The defendants next contend that the verdict finding them 100% at fault in the happening of the accident was against the weight of the credible evidence. A jury verdict should not be set aside as against the weight of the evidence unless the jury could not have reached the verdict by any fair interpretation of the evidence (see Mardakhayev v City of New York, 142 AD3d 691, 691; Nicastro v Park, 113 AD2d 129, 134). Here, the evidence included expert testimony to the effect that assigning the task of closing this particular gate to eighth graders without adult supervision presented a substantial risk of injury.
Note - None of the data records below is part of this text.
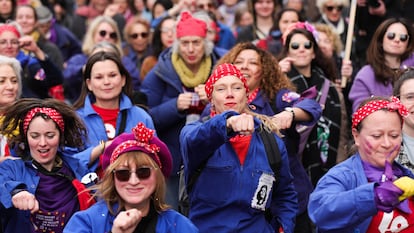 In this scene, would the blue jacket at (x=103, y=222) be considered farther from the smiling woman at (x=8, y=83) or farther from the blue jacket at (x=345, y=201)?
the smiling woman at (x=8, y=83)

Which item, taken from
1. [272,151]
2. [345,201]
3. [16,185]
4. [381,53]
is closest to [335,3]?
[381,53]

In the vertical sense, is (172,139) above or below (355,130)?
below

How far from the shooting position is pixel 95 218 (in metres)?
5.67

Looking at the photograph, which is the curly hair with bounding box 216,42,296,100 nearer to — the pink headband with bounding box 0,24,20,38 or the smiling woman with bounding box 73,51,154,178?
the smiling woman with bounding box 73,51,154,178

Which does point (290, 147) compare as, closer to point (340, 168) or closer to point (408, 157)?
point (408, 157)

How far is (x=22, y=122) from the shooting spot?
707 cm

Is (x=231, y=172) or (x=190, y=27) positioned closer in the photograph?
(x=231, y=172)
Further, Evan testified that he was never shown how to operate the gate and he never was warned by anyone from the school about any possible danger from the gate. Additionally, there was evidence that a very inexpensive safety device could have been installed which would have prevented injuries like those sustained by Evan. In light of the evidence presented, the liability verdict finding that the defendants were 100% at fault for the happening of the accident was not against the weight of the evidence (see Santos-Lopez v Metropolitan Tr. Auth., 85 AD3d 512, 513).
Next, as to the damages trial, the defendants contend that the plaintiffs’ evaluating psychiatrist was improperly permitted to testify as to the substance of Evan’s complaints to him. This contention is unpreserved for appellate review, since, after the defendants’ objection was, in effect, sustained, and a limiting instruction was given, the defendants failed to object to the adequacy of the instruction or seek further instruction (see Venancio v Clifton Wholesale Florist, 1 AD3d 505, 506).
After the plaintiffs’ evaluating psychiatrist testified about a diagnosis that Evan had not disclosed prior to trial, the Supreme Court issued a prompt curative instruction. That instruction alleviated any prejudice to the defendants from the improper testimony, and a mistrial was not required (see Burlingame v G & G Auto Repair, 229 AD2d 511, 512).
Finally, the award of $150,000 for future pain and suffering did not deviate materially from what would be reasonable compensation (see CPLR 5501[c]; Nayberg v Nassau County, 149 AD3d 761, 762).
BALKIN, J.P., HALL, SGROI and BARROS, JJ., concur.